Gericht: Kammergericht Berlin
Urteil verkündet am 16.01.2003
Aktenzeichen: 12 U 207/01
Rechtsgebiete: ZPO, VVG


Vorschriften:

ZPO § 138 Abs. 3
ZPO § 511
ZPO § 511 a
ZPO § 516
ZPO § 518
ZPO § 519
VVG § 152
Diese Entscheidung enthält keinen zur Veröffentlichung bestimmten Leitsatz.
KAMMERGERICHT Im Namen des Volkes

Geschäftsnummer: 12 U 207/01

Verkündet am: 16. Januar 2003

In dem Rechtsstreit

hat der 12. Zivilsenat des Kammergerichts auf die mündliche Verhandlung vom 16. Februar 2003 durch den Vorsitzenden Richter am Kammergericht Grieß sowie die Richter am Kammergericht Dr. Wimmer und Spiegel für Recht erkannt:

Tenor:

Die Berufung des Klägers gegen das am 25. Juni 2001 verkündete Urteil der Zivilkammer 24 des Landgerichts Berlin - 24 O 333/00 - wird auf seine Kosten zurückgewiesen.

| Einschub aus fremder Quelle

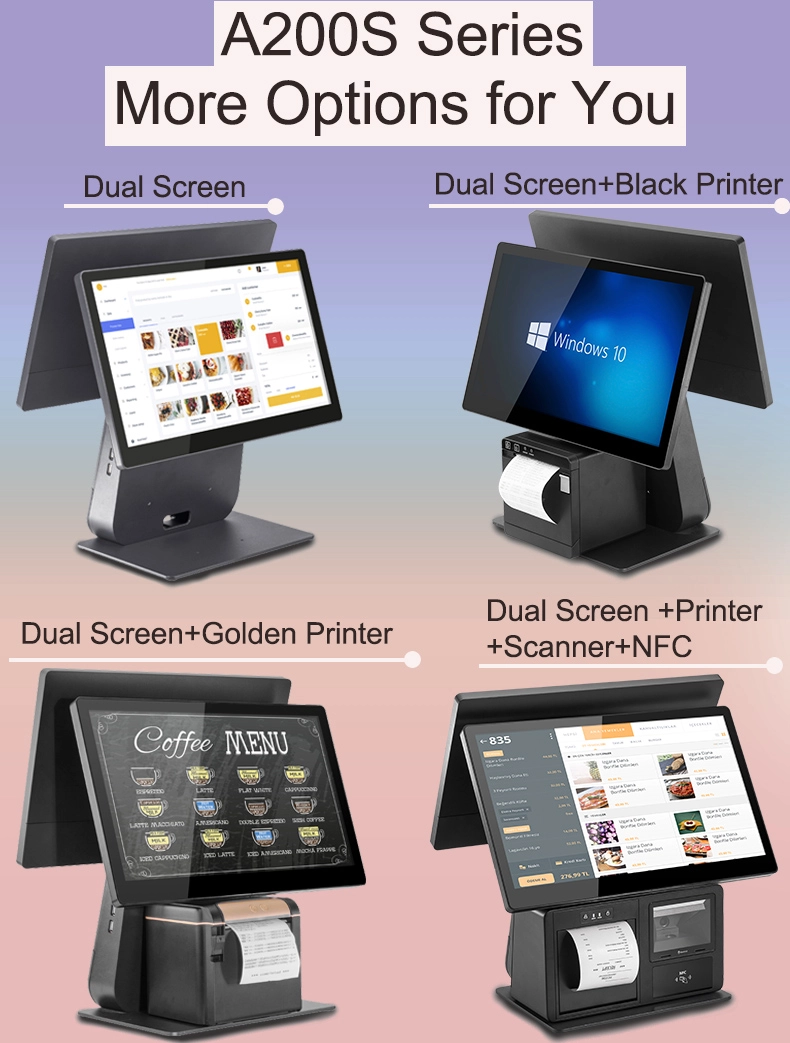 dual pos terminal series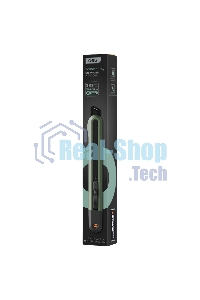 Технический нож Home Series Green Deli HT4009L ширина лезвия 9мм, эксклюзивный дизайн, корпус из высококачественного софттач пластика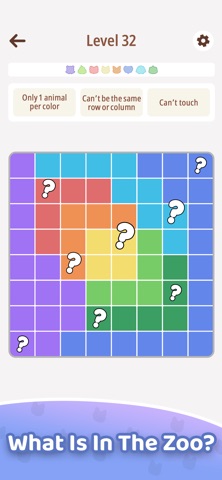 Zoodoku - Animal Puzzle screenshot 5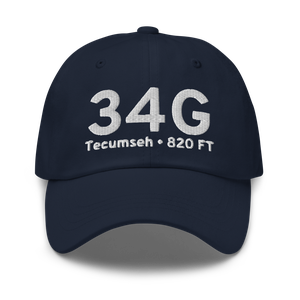 Tecumseh (34G) Airport Hat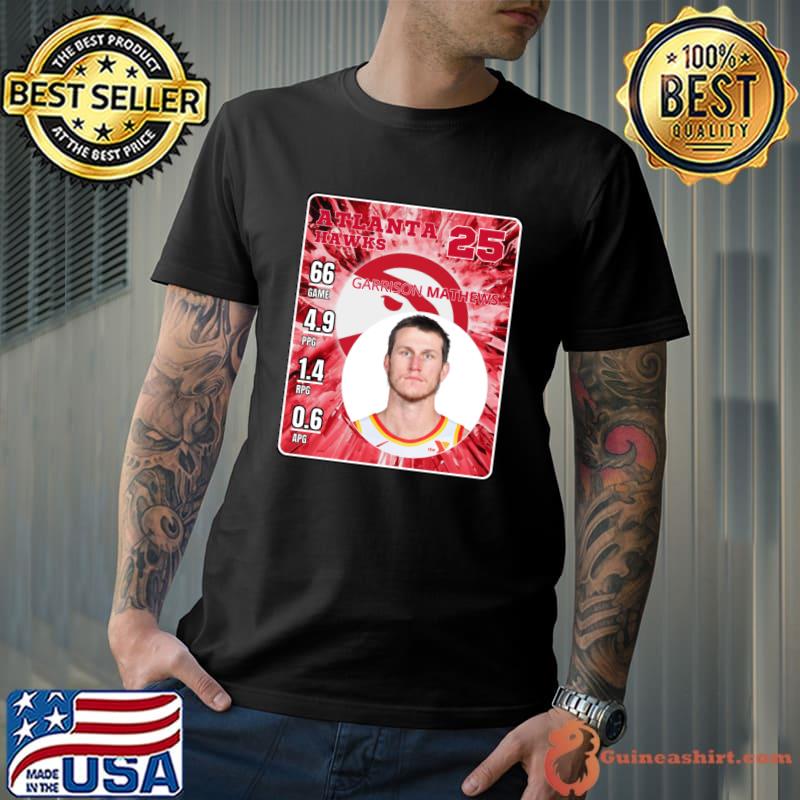 GARRISON MATHEWS American professional basketball player for the Atlanta Hawks T-Shirt Unisex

Das Urteil ist vorläufig vollstreckbar.

Entscheidungsgründe:

Die gemäß §§ 511, 511 a ZPO statthafte Berufung wahrt die gesetzlichen Formen und Fristen der §§ 516, 518 und 519 ZPO. Sie ist zulässig, hat aber in der Sache aus den im Wesentlichen zutreffenden Gründen der angefochtenen Entscheidung, die durch das Vorbringen in der Berufung nicht entkräftet werden, keinen Erfolg (§ 543 Absatz 1 ZPO a. F.). Das Landgericht ist zu Recht zu dem Ergebnis gelangt, hinreichend gewichtige Umstände führten in ihrer Gesamtschau zu dem Schluss, es handele sich bei dem Ereignis am 8. Februar 2000, gegen 11.05 Uhr, in Berlin, Frankfurter Allee/Jessener Straße mit erheblicher Wahrscheinlichkeit um einen gestellten Unfall. Folglich kann der Kläger von der Beklagten als Haftpflichtversicherer keinen Schadensersatz für seine Unfallschäden verlangen.

A. Grundsätzlich obliegt es dem Geschädigten eines Verkehrsunfalls, die Verursachung des Schadens durch das gegnerische Fahrzeug darzutun und zu beweisen (Senat, Urteil vom 3. Juni 1996 - 12 U 2074/95 -; Urteil vom 17. Juni 1996 - 12 U 2152/95 -; Urteil vom 24. Juni 1996 - 12 U 2835/95 -; Urt. vom 26. Juli 1999 - 12 U 4832/97 -). Ferner hat der Geschädigte das Ausmaß des unfallbedingten Schadens darzulegen und zu beweisen.

Selbst wenn dem Geschädigten diese Beweise gelingen, entfällt eine Haftung des Schädigers, Halters des gegnerischen Fahrzeugs und des Haftpflichtversicherers, wenn in ausreichendem Maße Umstände vorliegen, die die Feststellung gestatten, dass es sich bei dem Schadensereignis um einen verabredeten Unfall gehandelt hat. In diesem Fall scheitert ein Ersatzanspruch an der Einwilligung des Geschädigten, ohne dass besonders auf § 152 VVG abzustellen wäre. Den Nachweis, dass ein vorgetäuschter Unfall vorliegt, hat grundsätzlich der Schädiger bzw. dessen Haftpflichtversicherung zu führen. Doch genügt der Nachweis einer erheblichen Wahrscheinlichkeit für unredliches Verhalten. Die ungewöhnliche Häufung von Beweisanzeichen, die für eine Manipulation spricht, gestattet eine entsprechende Feststellung (§ 286 ZPO; grundlegend BGHZ 71, 339 VersR 1978, 242 = NJW 1978, 2154; VersR 1979, 514; vgl. die weiteren Nachweise in den vorzitierten Entscheidungen des Senats).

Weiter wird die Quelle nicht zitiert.